Text ──► [1. Text Tokenizer] ──► text_tokens
│
Reference Audio ──► [2. Voice Encoder] ──► speaker_emb (256-dim)
│ │
│ ▼
└──► [3. S3 Tokenizer] ──► prompt_tokens ──► [4. T3 Model] ──► speech_tokens
│
Reference Audio ──► [5. CAMPPlus] ──► xvector (192-dim) │
│ │ │
└──► [6. Mel Extractor] ──► prompt_mel │
│ │
▼ ▼
[7. Conformer Encoder] ◄── speech_tokens
│
▼
[8. CFM Decoder] ──► mel_spectrogram
│
▼
[9. HiFi-GAN Vocoder] ──► waveform (24kHz)

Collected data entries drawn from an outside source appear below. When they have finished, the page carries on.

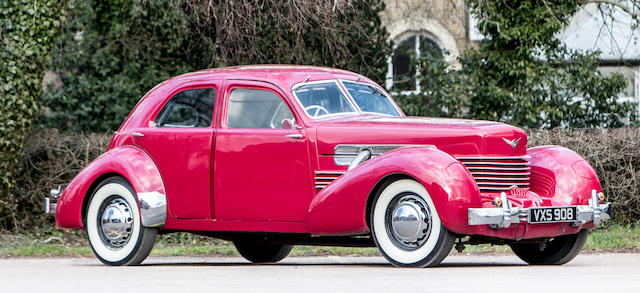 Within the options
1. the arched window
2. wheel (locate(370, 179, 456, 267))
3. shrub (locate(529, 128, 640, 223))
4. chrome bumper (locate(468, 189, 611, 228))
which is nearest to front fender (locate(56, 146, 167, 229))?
wheel (locate(370, 179, 456, 267))

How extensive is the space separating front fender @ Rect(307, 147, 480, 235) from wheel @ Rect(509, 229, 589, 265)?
1.45 metres

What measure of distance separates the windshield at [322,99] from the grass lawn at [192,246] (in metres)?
2.69

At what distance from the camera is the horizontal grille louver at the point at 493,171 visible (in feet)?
27.1

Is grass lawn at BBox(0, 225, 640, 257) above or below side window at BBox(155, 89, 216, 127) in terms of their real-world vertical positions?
below

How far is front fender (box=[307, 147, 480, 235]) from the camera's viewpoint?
777 cm

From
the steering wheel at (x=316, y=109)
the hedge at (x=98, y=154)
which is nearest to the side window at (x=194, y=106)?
the steering wheel at (x=316, y=109)

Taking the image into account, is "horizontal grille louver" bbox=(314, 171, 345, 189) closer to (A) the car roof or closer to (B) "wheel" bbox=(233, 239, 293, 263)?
(A) the car roof

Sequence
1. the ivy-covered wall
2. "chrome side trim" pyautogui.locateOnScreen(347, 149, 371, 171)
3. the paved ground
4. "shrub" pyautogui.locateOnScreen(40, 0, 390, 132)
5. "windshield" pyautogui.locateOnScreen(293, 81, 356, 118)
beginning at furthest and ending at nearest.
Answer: "shrub" pyautogui.locateOnScreen(40, 0, 390, 132) → the ivy-covered wall → "windshield" pyautogui.locateOnScreen(293, 81, 356, 118) → "chrome side trim" pyautogui.locateOnScreen(347, 149, 371, 171) → the paved ground

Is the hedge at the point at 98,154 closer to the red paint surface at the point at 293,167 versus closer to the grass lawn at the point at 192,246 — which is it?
the grass lawn at the point at 192,246

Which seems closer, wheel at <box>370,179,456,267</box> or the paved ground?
the paved ground

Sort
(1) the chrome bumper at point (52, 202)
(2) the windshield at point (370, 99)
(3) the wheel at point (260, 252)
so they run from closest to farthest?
(2) the windshield at point (370, 99) → (1) the chrome bumper at point (52, 202) → (3) the wheel at point (260, 252)

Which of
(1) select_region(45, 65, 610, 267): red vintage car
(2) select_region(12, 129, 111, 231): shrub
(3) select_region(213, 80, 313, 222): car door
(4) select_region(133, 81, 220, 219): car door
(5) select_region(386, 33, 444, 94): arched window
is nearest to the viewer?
(1) select_region(45, 65, 610, 267): red vintage car

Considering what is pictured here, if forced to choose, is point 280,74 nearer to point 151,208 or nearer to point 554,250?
point 151,208

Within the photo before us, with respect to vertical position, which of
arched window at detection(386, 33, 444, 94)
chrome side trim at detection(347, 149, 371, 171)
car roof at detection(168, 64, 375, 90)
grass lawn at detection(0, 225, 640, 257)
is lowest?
grass lawn at detection(0, 225, 640, 257) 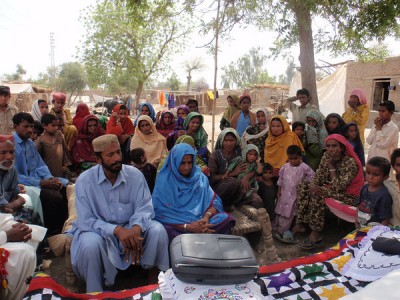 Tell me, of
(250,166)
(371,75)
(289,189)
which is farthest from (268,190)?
(371,75)

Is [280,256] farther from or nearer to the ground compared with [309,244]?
nearer to the ground

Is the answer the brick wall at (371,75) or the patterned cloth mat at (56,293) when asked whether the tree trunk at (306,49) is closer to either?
the patterned cloth mat at (56,293)

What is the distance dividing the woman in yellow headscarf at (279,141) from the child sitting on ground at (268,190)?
31 centimetres

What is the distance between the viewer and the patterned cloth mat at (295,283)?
2.12 meters

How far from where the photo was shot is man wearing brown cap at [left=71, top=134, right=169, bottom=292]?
2.66 meters

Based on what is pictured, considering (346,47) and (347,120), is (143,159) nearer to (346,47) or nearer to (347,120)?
(347,120)

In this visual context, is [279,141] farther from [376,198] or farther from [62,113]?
[62,113]

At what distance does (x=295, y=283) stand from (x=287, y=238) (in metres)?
1.65

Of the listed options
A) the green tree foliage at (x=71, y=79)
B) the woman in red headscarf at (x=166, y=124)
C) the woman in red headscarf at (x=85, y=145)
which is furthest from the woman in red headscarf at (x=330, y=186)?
the green tree foliage at (x=71, y=79)

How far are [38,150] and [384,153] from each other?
482 cm

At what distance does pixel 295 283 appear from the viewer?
7.85ft

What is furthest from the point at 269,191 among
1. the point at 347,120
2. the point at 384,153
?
the point at 347,120

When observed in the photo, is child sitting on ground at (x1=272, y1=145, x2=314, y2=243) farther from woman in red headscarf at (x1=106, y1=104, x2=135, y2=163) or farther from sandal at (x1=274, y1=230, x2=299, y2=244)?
woman in red headscarf at (x1=106, y1=104, x2=135, y2=163)

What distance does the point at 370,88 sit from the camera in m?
13.6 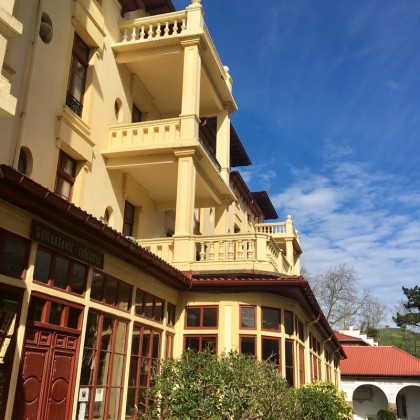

| # | Component | Purpose | Input | Output | Params |
|---|---|---|---|---|---|
| 1 | Text Tokenizer | BPE text encoding | text string | token IDs (0-703) | - |
| 2 | Voice Encoder | Speaker embedding for T3 | 16kHz audio | 256-dim embedding | ~2M |
| 3 | S3 Tokenizer | Speech tokenization | 16kHz audio | token IDs (0-6560) | ~300M |
| 4 | T3 Model | Text → speech tokens | text + conditioning | speech tokens | 520M |
| 5 | CAMPPlus | Speaker embedding for S3Gen | 16kHz audio | 192-dim xvector | ~7M |
| 6 | Mel Extractor | Reference mel spectrogram | 24kHz audio | [T, 80] mel | - |
| 7 | Conformer Encoder | Speech token encoding | tokens + xvector | [2T, 512] features | ~25M |
| 8 | CFM Decoder | Flow matching → mel | encoder output | [80, 2T] mel | ~71M |
| 9 | HiFi-GAN Vocoder | Mel → waveform | mel spectrogram | 24kHz audio | ~14M |
Sorted by max difference (largest first = most suspect):
| # | Component | Status | Max Diff | Test Script |
|---|---|---|---|---|
| 8 | CFM Decoder | ✅ | 0.052 | scripts/test_cfm_full.R |
| 9 | HiFi-GAN Vocoder | ✅ | 0.026 | scripts/test_hifigan.R |
| 5 | CAMPPlus | ✅ | 0.0015 | scripts/test_campplus.R |
| 7 | Conformer Encoder | ✅ | 0.0004 | scripts/test_encoder_steps.R |
| 2 | Voice Encoder | ✅ | 0.00026 | scripts/test_voice_encoder.R |
| 4 | T3 Model | ✅ | 0.00003 | scripts/test_t3_llama.R |
| 4 | T3 Conditioning | ✅ | 0.000002 | scripts/test_t3_cond.R |
| 6 | Mel Extractor | ✅ | 0.000001 | scripts/test_voice_encoder.R |
| 3 | S3 Tokenizer | ✅ | 0 (exact) | scripts/test_s3tokenizer.R |
| 1 | Text Tokenizer | ✅ | 0 (exact) | (uses same tokenizer.json) |
# Component with largest diff - CFM decoder
Rscript scripts/test_cfm_full.R
# Second largest - vocoder
Rscript scripts/test_hifigan.R
# End-to-end with Python reference
Rscript scripts/test_s3gen_vs_python.R1. Text Tokenizer - (exact match, uses same JSON)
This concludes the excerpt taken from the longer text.